Lynx: The Pulse of the Planet daily radio program offers free legal online mp3 downloads, exploring the world of sound in nature, culture and science, with audio adventures, world music, extraordinary sound portraits, science diaries, and nature ring-tones; an amazing sonic experience.



Airdate: May 26, 1998
Scientist: John Weaver

Lynx

Lynx
Why do Lynx have those unusual tufts of hair on top of their ears?

Transcript:
They're one of the most elusive creatures in the cat family, and although we've all seen pictures of them with their distinctive tufts of hair on top of their pointy ears, very few people ever get to see a lynx in the wild. I'm Jim Metzner, and this is the Pulse of the Planet, presented by the American Museum of Natural History. We're listening to the sounds of a lynx. Although they're still abundant in parts of Alaska and Canada, they're rarely found in the rest of the United States.

"In the lower 48 states it's estimated that they're probably less than five hundred animals."

Dr. John Weaver is a research associate with the Wildlife Conservation Society. He tells us that the fate of the lynx is linked to one particular species of animal.

"The lynx is highly specialized to prey on snowshoe hares. And it's known that in the far north of North America, that snowshoe hare populations cycle on about a 10 to 11-year basis. And the lynx populations follow along behind."

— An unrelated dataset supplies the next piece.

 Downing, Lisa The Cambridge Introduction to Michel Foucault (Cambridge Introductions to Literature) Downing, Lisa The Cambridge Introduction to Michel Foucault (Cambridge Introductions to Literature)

Right now in Canada, snowshoe hare populations are on the upswing and its hoped that lynx numbers will also increase. Because they're so dependent on snowshoe hares, the lynx have some special adaptions to help them capture their prey.

"They are one of three cats in the world that has a tuft of hair on top of the ear and on a lynx it can be up to three, three and a half inches long. And it's been a mystery to biologists about the purpose of these ear tufts. My hypothesis is that it makes it look more like the ear of a snowshoe hair. The advantage to the lynx, of course, is that as it sits in ambush somewhere out in the woods and a snowshoe hare comes hopping along looking for predators, it might look over and see this ear and not immediately recognize it as the ear of the predator."

Pulse of the Planet is presented by the American Museum of Natural History. Additional funding for this series has been provided by the National Science Foundation. I'm Jim Metzner.